Ekonomik büyüme, ulusların refahını artıran, toplumsal huzuru güçlendiren, teknolojik ilerlemeyi hızlandıran bir lokomotif. Ancak aynı zamanda büyüme, küresel güç sıralamasında üst sıralara çıkmak için de en önemli araç. Bugün Çin’in yükselişi, Hindistan’ın güçlü ivmesi, Avrupa’nın dijital dönüşüm hamleleri ve ABD’nin teknoloji odaklı hegemonya çabaları hep bu bağlamda okunmalı. Ülkeler yalnızca daha fazla zenginleşmek için değil, dünya sahnesinde daha fazla söz sahibi olabilmek için de büyümek istiyor.
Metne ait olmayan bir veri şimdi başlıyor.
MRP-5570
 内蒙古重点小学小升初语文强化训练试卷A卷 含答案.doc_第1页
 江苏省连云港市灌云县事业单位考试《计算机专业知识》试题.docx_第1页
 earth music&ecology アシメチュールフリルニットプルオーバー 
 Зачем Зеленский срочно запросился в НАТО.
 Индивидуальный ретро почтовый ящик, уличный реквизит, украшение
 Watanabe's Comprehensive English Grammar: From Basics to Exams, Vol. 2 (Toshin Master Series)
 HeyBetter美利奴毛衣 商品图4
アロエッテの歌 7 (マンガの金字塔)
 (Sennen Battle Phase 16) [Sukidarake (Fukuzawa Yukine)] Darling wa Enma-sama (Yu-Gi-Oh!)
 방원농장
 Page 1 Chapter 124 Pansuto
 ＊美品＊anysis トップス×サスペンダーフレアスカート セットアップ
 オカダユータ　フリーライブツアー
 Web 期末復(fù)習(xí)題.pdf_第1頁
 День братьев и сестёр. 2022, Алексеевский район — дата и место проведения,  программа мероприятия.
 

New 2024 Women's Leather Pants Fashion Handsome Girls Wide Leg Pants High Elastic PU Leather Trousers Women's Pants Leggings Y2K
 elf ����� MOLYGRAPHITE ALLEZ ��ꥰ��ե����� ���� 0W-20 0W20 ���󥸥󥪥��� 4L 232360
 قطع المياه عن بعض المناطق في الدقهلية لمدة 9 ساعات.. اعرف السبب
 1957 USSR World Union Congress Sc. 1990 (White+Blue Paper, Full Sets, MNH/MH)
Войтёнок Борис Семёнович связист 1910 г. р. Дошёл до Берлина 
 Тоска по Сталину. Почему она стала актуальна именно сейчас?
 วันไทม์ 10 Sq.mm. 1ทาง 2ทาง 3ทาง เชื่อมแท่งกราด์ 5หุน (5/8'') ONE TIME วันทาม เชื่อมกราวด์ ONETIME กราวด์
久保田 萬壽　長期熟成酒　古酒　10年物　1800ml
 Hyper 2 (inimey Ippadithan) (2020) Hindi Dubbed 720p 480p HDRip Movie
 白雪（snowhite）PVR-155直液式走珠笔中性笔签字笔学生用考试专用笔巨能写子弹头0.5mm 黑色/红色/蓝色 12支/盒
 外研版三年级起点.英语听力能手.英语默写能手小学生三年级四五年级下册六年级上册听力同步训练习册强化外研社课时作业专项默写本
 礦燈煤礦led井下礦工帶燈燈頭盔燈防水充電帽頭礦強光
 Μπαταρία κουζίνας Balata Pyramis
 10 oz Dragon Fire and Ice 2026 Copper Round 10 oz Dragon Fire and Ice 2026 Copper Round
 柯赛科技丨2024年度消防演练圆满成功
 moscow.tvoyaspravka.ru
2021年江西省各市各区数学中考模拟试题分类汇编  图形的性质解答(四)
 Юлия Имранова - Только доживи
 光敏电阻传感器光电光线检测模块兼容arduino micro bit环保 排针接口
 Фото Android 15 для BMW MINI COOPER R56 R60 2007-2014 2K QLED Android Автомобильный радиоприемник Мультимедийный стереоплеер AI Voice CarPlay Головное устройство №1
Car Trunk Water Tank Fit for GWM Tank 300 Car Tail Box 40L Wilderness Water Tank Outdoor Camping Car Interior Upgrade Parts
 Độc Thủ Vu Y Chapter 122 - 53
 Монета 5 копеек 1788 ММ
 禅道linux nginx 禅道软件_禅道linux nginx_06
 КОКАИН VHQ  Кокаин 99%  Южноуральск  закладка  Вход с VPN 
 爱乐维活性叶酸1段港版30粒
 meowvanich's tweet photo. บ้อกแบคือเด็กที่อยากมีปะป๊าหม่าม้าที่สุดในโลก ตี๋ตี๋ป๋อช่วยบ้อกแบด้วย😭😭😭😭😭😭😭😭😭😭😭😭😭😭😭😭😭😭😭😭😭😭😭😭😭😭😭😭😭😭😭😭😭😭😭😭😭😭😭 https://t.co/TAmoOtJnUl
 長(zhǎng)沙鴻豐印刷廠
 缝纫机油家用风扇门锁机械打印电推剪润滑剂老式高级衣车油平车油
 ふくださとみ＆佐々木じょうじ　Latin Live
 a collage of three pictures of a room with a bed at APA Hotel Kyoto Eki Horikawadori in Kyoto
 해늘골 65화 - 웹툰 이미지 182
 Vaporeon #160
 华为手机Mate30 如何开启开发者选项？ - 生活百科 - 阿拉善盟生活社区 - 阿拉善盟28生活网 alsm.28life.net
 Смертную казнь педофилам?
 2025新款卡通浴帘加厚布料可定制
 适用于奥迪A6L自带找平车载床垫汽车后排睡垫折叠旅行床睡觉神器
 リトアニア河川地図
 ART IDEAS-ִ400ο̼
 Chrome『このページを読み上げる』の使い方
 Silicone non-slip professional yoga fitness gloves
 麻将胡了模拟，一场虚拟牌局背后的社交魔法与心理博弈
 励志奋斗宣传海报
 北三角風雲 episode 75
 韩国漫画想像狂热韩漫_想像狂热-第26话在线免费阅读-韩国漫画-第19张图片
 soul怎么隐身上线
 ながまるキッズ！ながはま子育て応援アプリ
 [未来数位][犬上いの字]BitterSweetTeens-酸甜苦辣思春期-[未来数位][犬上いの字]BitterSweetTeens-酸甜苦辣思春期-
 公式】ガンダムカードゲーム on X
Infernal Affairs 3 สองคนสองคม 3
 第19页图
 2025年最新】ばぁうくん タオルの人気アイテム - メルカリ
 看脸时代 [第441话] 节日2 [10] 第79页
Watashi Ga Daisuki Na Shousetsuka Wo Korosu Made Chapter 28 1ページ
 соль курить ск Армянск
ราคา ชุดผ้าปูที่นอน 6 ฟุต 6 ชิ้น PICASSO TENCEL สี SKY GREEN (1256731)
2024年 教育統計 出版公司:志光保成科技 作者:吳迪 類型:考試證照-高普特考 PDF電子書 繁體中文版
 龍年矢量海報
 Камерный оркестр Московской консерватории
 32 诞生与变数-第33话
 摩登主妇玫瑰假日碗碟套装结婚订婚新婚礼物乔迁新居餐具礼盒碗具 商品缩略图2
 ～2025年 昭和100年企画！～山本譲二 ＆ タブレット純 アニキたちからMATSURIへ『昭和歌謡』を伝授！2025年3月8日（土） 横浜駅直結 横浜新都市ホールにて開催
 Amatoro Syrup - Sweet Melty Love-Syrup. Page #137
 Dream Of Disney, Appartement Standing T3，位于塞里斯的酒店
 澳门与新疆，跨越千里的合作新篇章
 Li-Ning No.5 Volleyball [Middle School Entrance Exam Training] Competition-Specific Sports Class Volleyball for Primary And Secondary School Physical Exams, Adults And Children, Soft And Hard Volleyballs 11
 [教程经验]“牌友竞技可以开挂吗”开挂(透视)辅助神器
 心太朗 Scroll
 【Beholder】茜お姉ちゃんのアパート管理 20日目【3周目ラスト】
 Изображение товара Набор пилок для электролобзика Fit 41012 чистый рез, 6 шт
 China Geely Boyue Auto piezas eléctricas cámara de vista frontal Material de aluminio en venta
Bu nedenle rekabet, çoğu zaman ticari anlaşmazlıkların ötesine geçip jeopolitik bir mücadeleye dönüşüyor.
Dünya ekonomisinin yeni rotasında başrolü oynayan unsur, kuşkusuz teknoloji. Yapay zeka, yarı iletkenler, biyoteknoloji, yeşil enerji ve hatta uzay ekonomisi ülkeler için yalnızca sanayi politikası meselesi değil, ulusal güvenlik konusu haline gelmiş durumda. ABD ile Çin arasındaki teknoloji ambargoları ve karşılıklı yaptırımlar bunun en somut göstergesi. Bu tablo bize aslında küresel rekabetin klasik ticaret savaşlarından çok daha karmaşık ve derin olduğunu anlatıyor. Ülkeler artık sadece daha fazla mal satmak için değil, stratejik teknolojilerde üstünlüğü ele geçirmek için de yarışıyor.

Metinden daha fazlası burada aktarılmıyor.